Instructions for the task:
The records that follow are to be given again exactly. Do not carry over any image.

Material for this task:
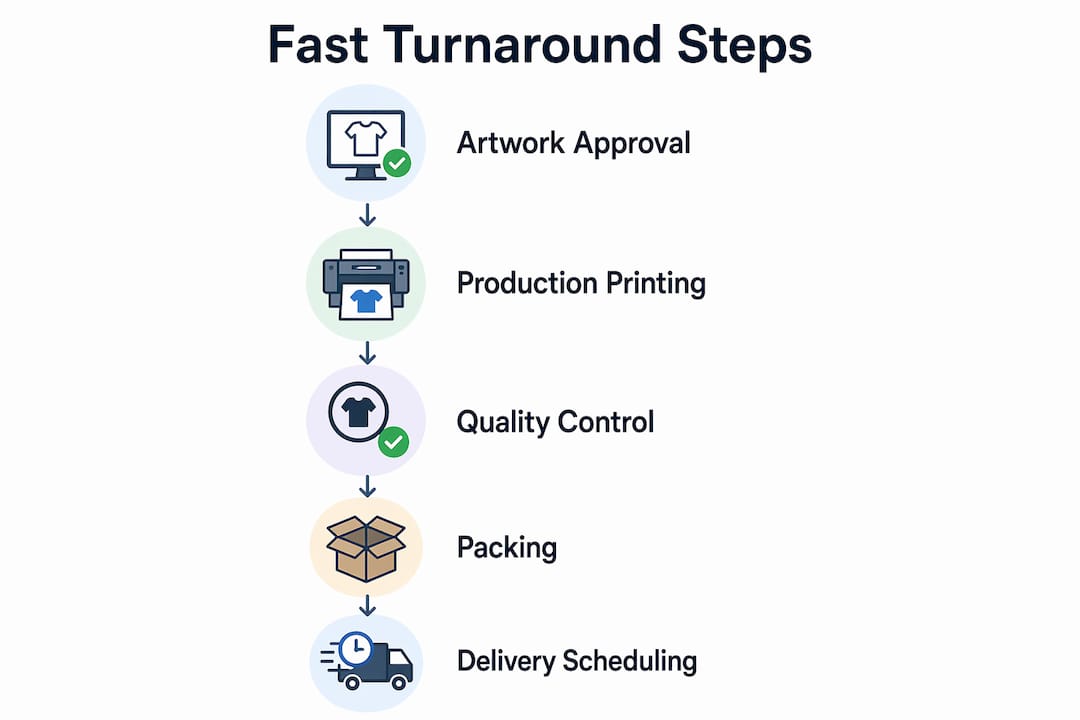 Infographic outlining key steps for fast turnaround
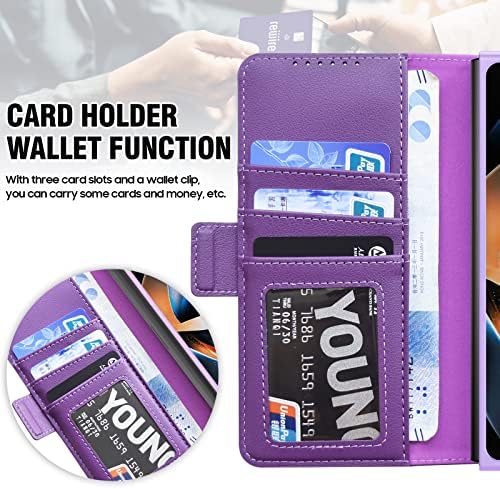 CENMASO za Samsung Galaxy Z Fold 4 Case, torbica-novčanik Z Fold 4 s držačem S Pen, [zaključavanje RFID] Kožni novčanik-držač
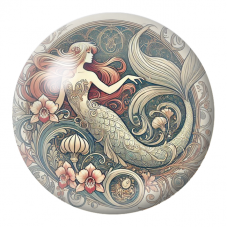 Cabochon en Verre Illustré Sirène Art Nouveau aux Orchidées 12 à 25mm pour la Création de Bijoux Fantaisie - DIY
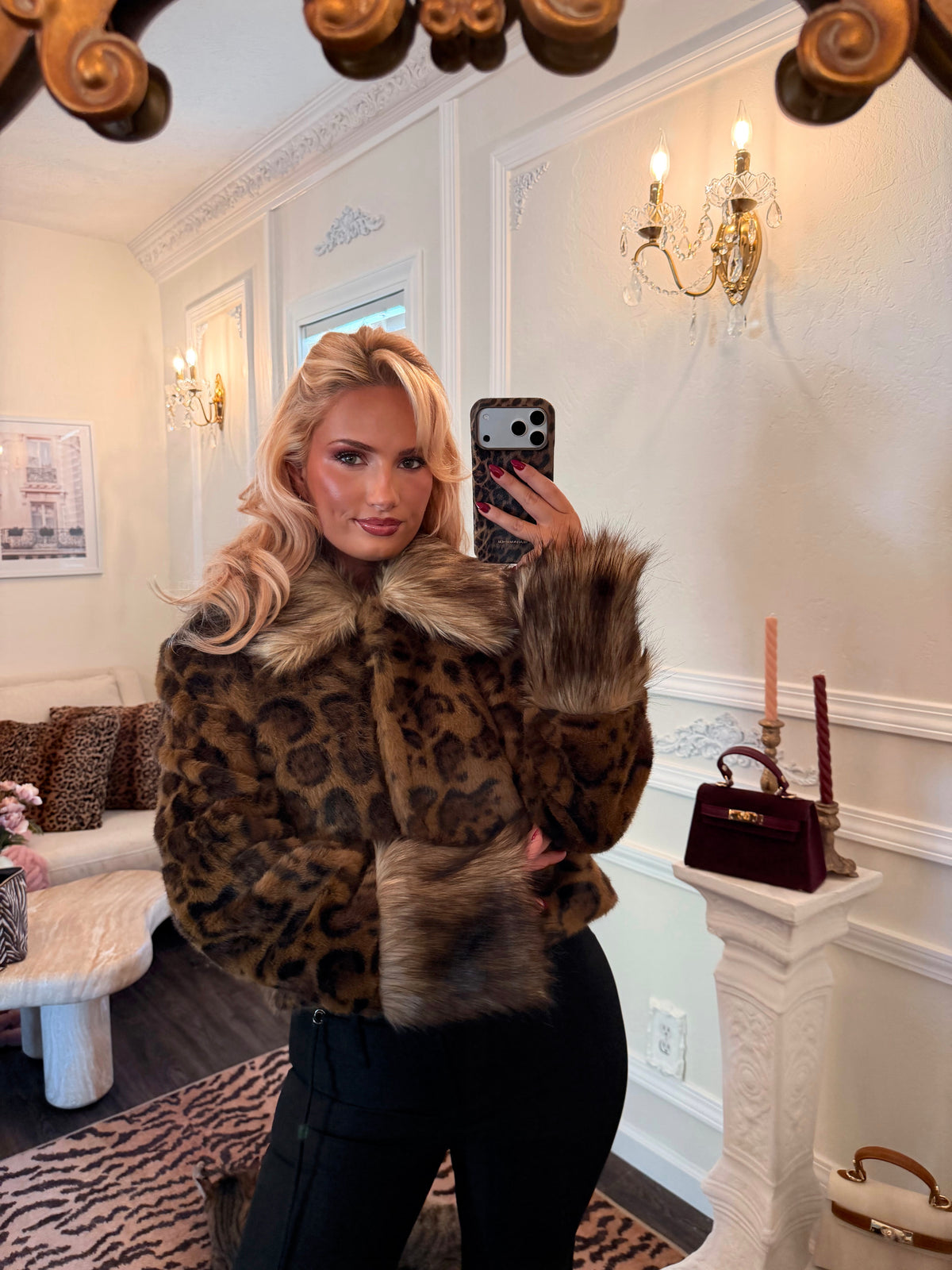 Mika Leopard Faux Fur Jacket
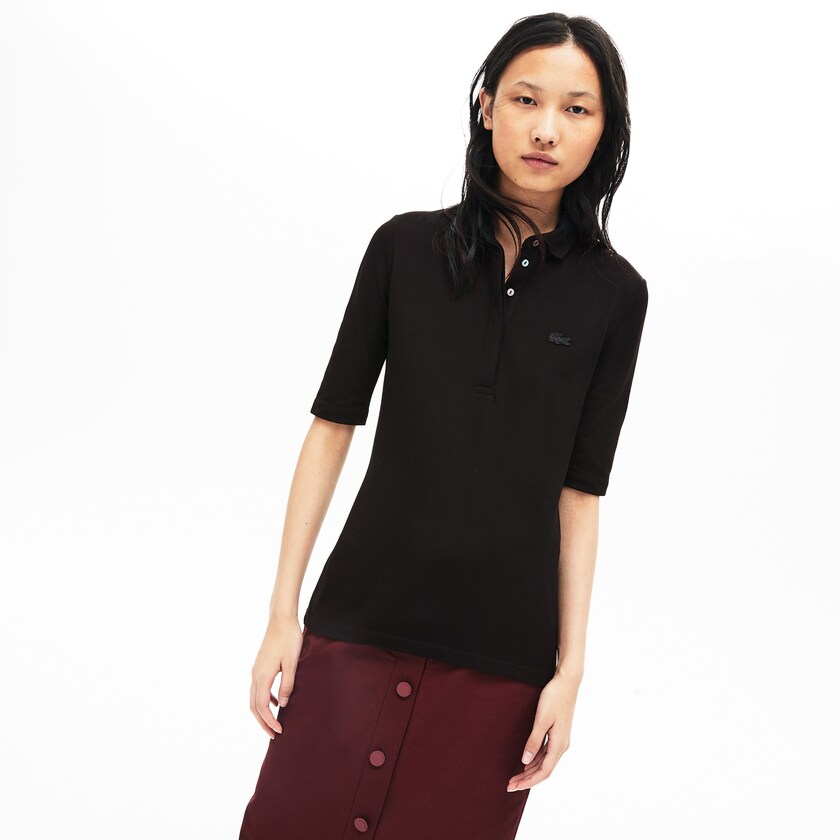 Camisa Polo Pretas Feminino Lacoste Slim Fit Stretch Mini Piqué MG1-65896K9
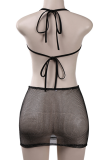 Black Sexy Solid See-through Mesh Halter Sleeveless Two Pieces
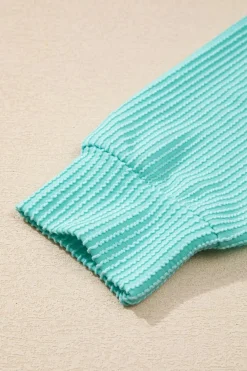 Hot Dear-Lover Solid Color Corded Knit Round Neck Top Aruba Blue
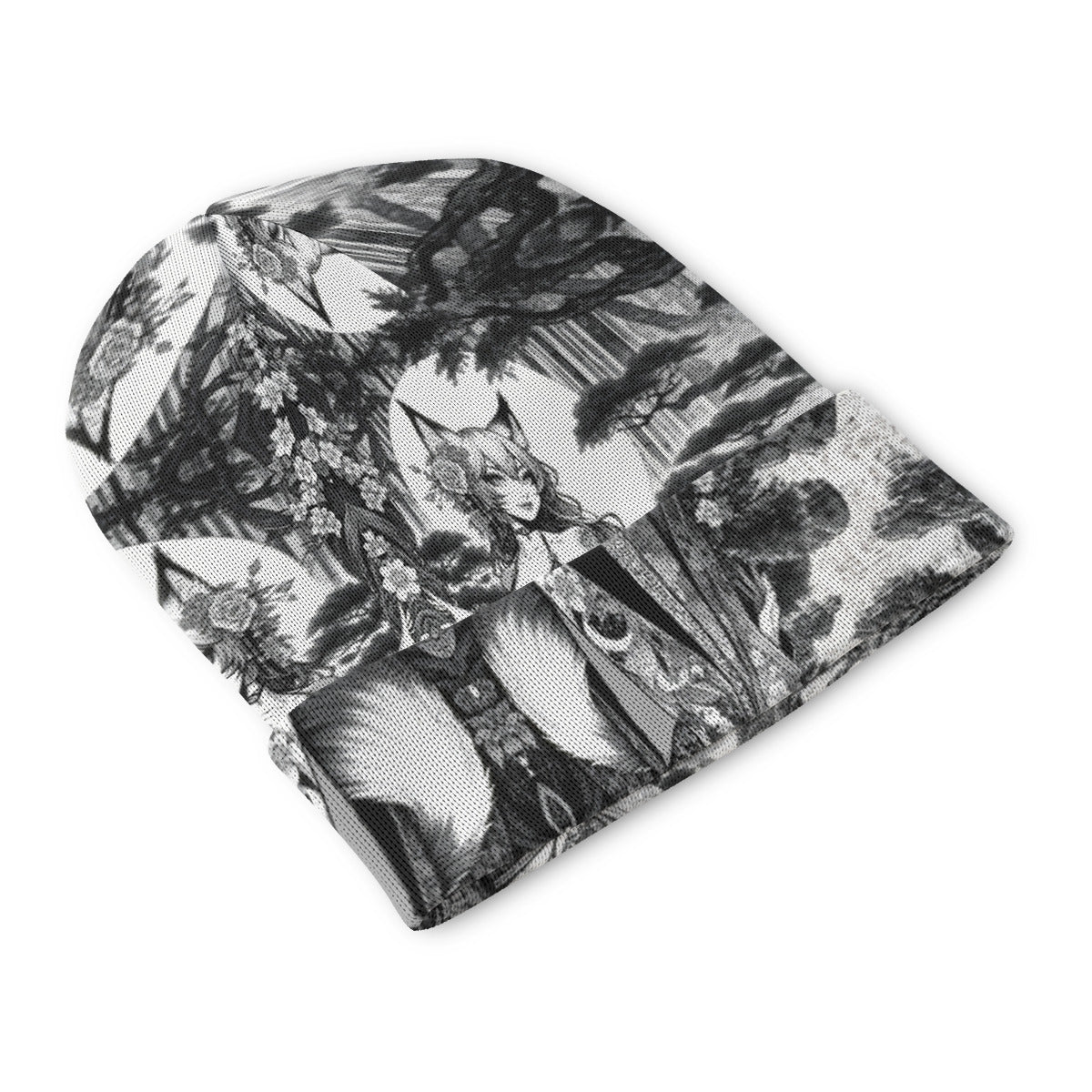 Anime Pin-up Girl Fox Beanie Hat by Bazaar Design Style
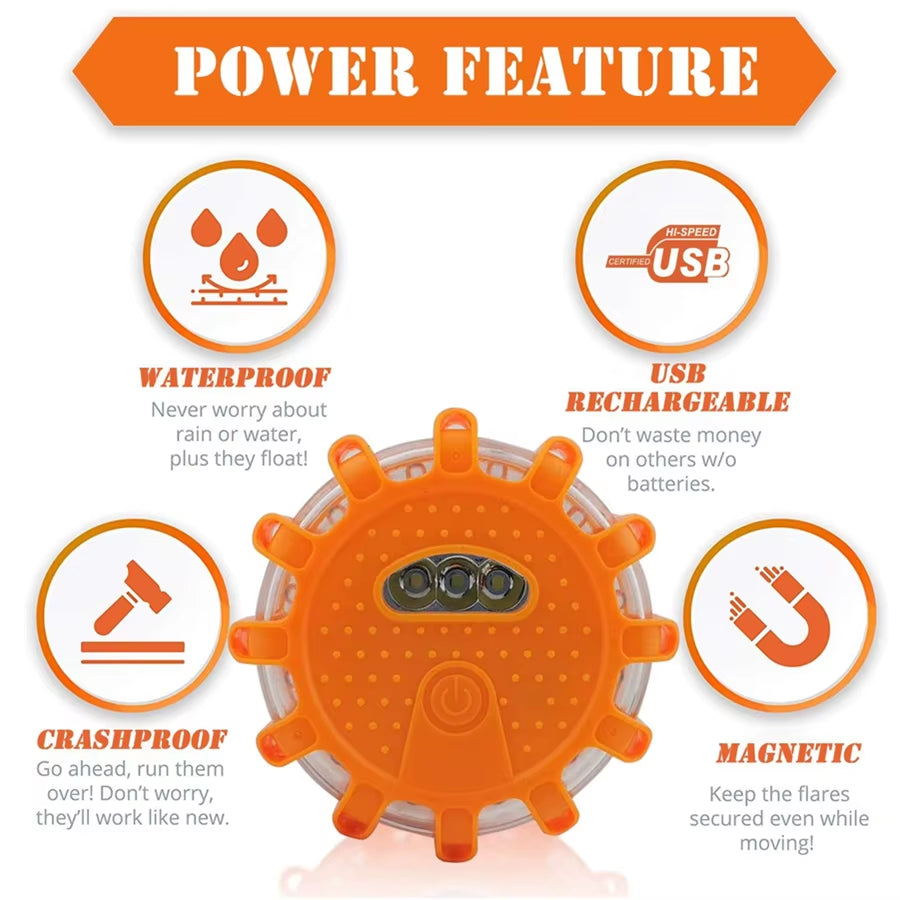 Stay Safe on the Road with Our USB Rechargeable LED Road Flares - Emergency Lights & Warning Beacons with Magnetic Base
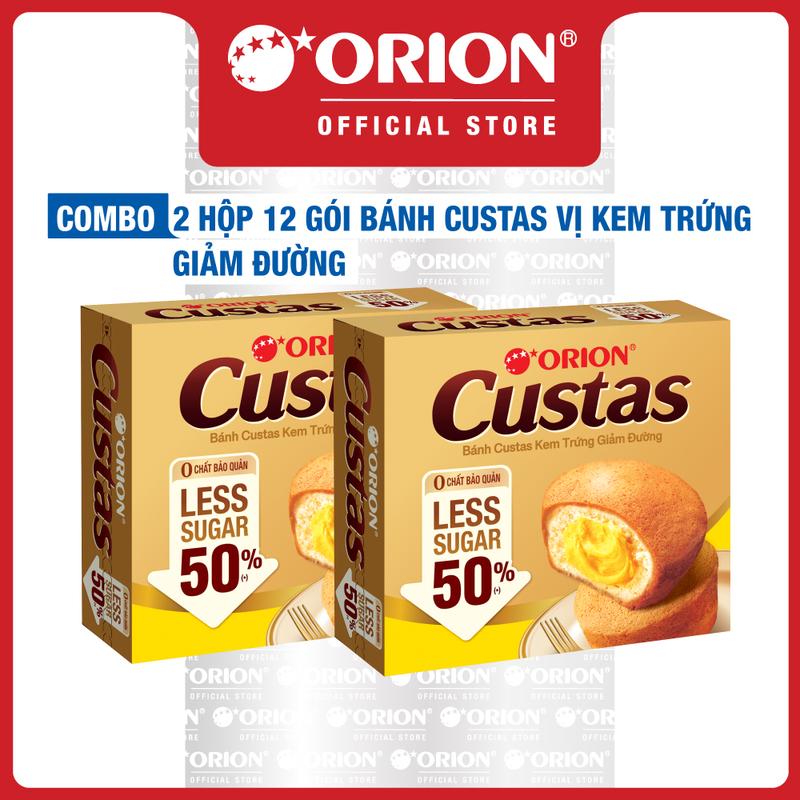  Combo 2 Hộp 12 Gói Bánh Custas Kem Trứng Giảm Đường  282g  
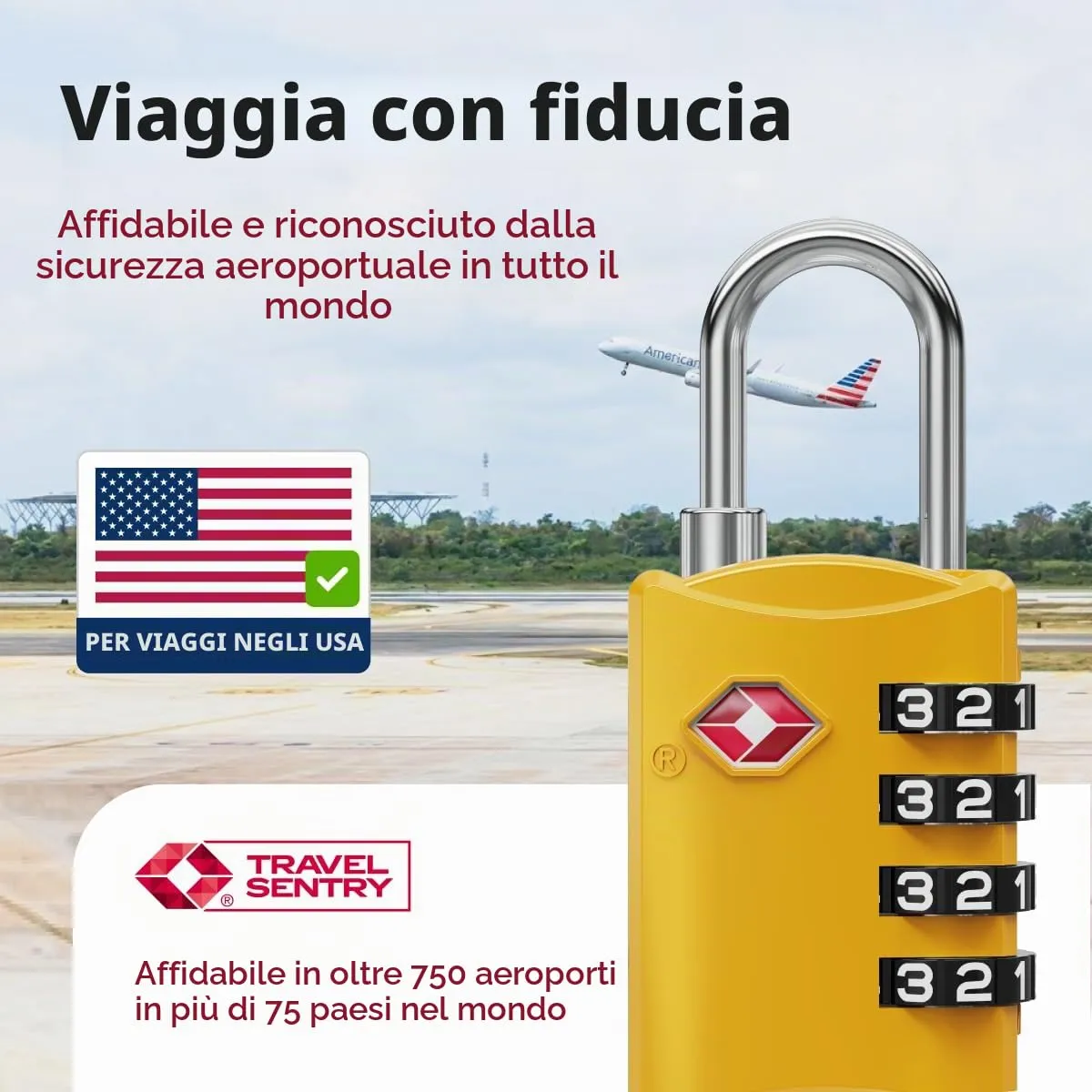NovLock Lucchetti TSA a combinazione da viaggio a 4 cifre, Giallo, 2 pezzi - immagine 3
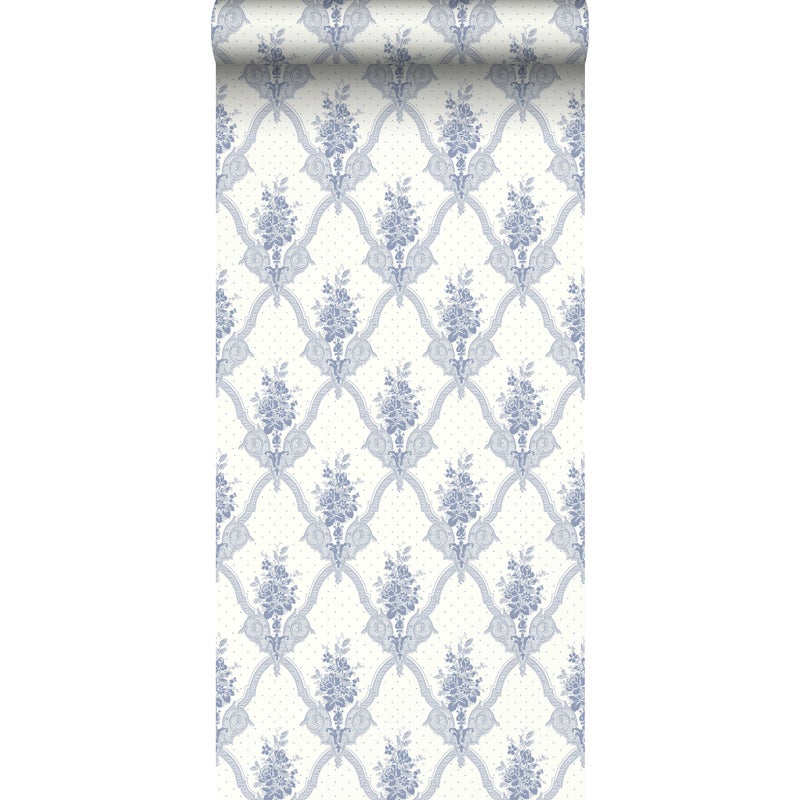 Tapeta kwiaty szaro-niebieskim - 53 cm x 10.05 m - DURO
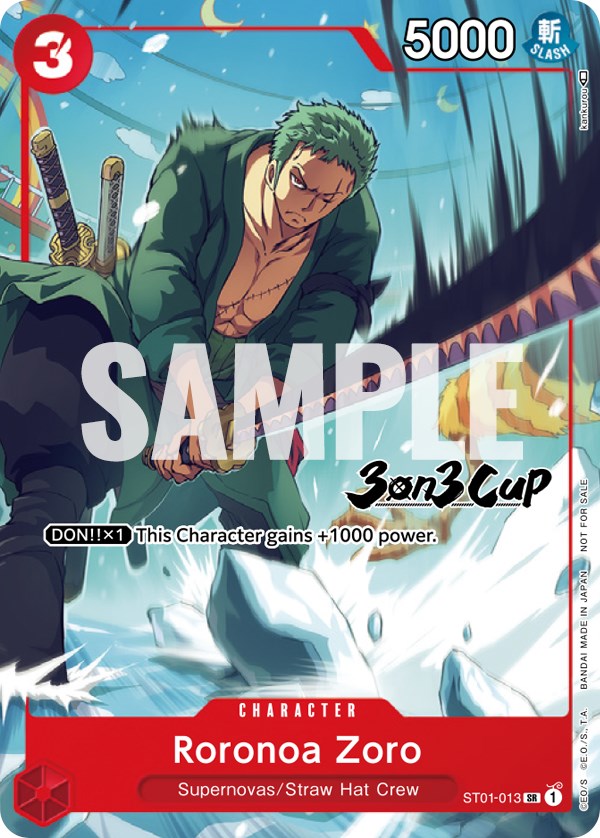 Roronoa Zoro (3-on-3 Cup) [Participant] [One Piece Promotion Cards] | Black Swamp Games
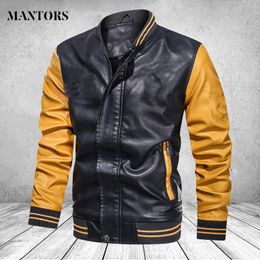 Veste en cuir Hommes Hiver Polaire Moto Pu Leahter Vestes Homme Col Montant Casual Coupe-Vent Slim Fit Bommer Manteau 4XL 3XL 211009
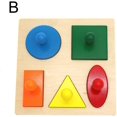 thumbnail image 1 of Geometric Shape Match Montessori Wooden Knob Puzzle Educational Toy, 1 of 7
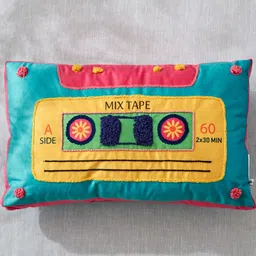 Home Centre Blue & Yellow Embroidered Pre-FilledRectangular Cushions-53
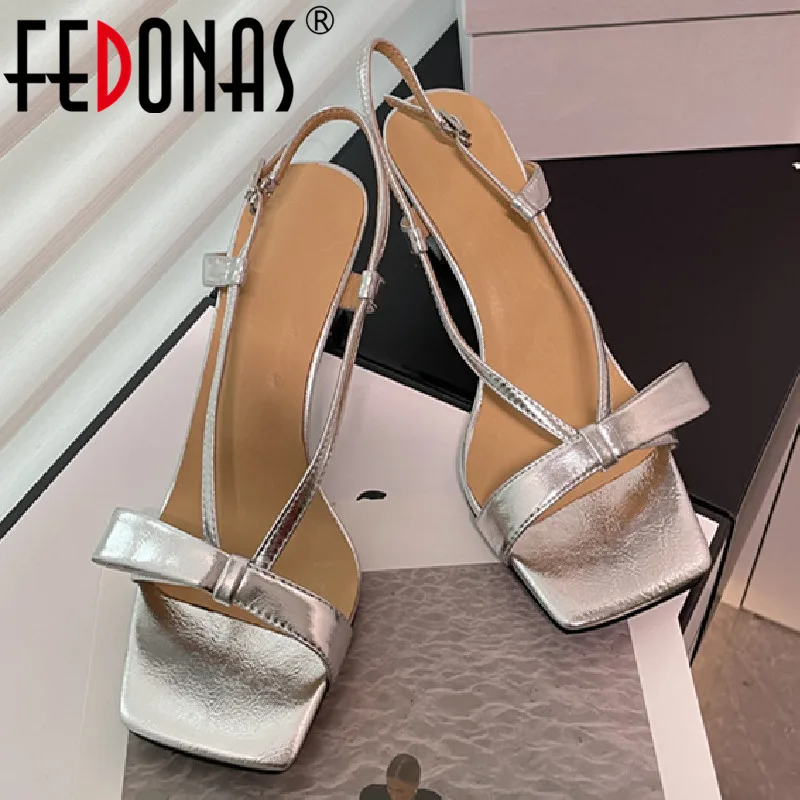 FEDONAS Women Sandals Summer Elegant Fashion Butterfly Knot Genuine Leather Party Wedding Prom High Heels Shoes Woman Pumps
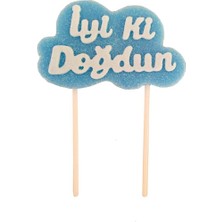 Dipak Mavi Renk Iyiki Doğdun Yazılı Pasta Üstü Mum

Answer section:
 Infographic outlining key steps for fast turnaround
 CENMASO za Samsung Galaxy Z Fold 4 Case, torbica-novčanik Z Fold 4 s držačem S Pen, [zaključavanje RFID] Kožni novčanik-držač
 Cabochon en Verre Illustré Sirène Art Nouveau aux Orchidées 12 à 25mm pour la Création de Bijoux Fantaisie - DIY
 Mika Leopard Faux Fur Jacket
 Camisa Polo Pretas Feminino Lacoste Slim Fit Stretch Mini Piqué MG1-65896K9
 Black Sexy Solid See-through Mesh Halter Sleeveless Two Pieces
 Hot Dear-Lover Solid Color Corded Knit Round Neck Top Aruba Blue
 Anime Pin-up Girl Fox Beanie Hat by Bazaar Design Style
 Stay Safe on the Road with Our USB Rechargeable LED Road Flares - Emergency Lights & Warning Beacons with Magnetic Base
  Combo 2 Hộp 12 Gói Bánh Custas Kem Trứng Giảm Đường  282g  
NovLock Lucchetti TSA a combinazione da viaggio a 4 cifre, Giallo, 2 pezzi - immagine 3
 Tapeta kwiaty szaro-niebieskim - 53 cm x 10.05 m - DURO
 Roronoa Zoro (3-on-3 Cup) [Participant] [One Piece Promotion Cards] | Black Swamp Games
 Veste en cuir Hommes Hiver Polaire Moto Pu Leahter Vestes Homme Col Montant Casual Coupe-Vent Slim Fit Bommer Manteau 4XL 3XL 211009
 thumbnail image 1 of Geometric Shape Match Montessori Wooden Knob Puzzle Educational Toy, 1 of 7
 Home Centre Blue & Yellow Embroidered Pre-FilledRectangular Cushions-53
 FEDONAS Women Sandals Summer Elegant Fashion Butterfly Knot Genuine Leather Party Wedding Prom High Heels Shoes Woman Pumps
 Dipak Mavi Renk Iyiki Doğdun Yazılı Pasta Üstü Mum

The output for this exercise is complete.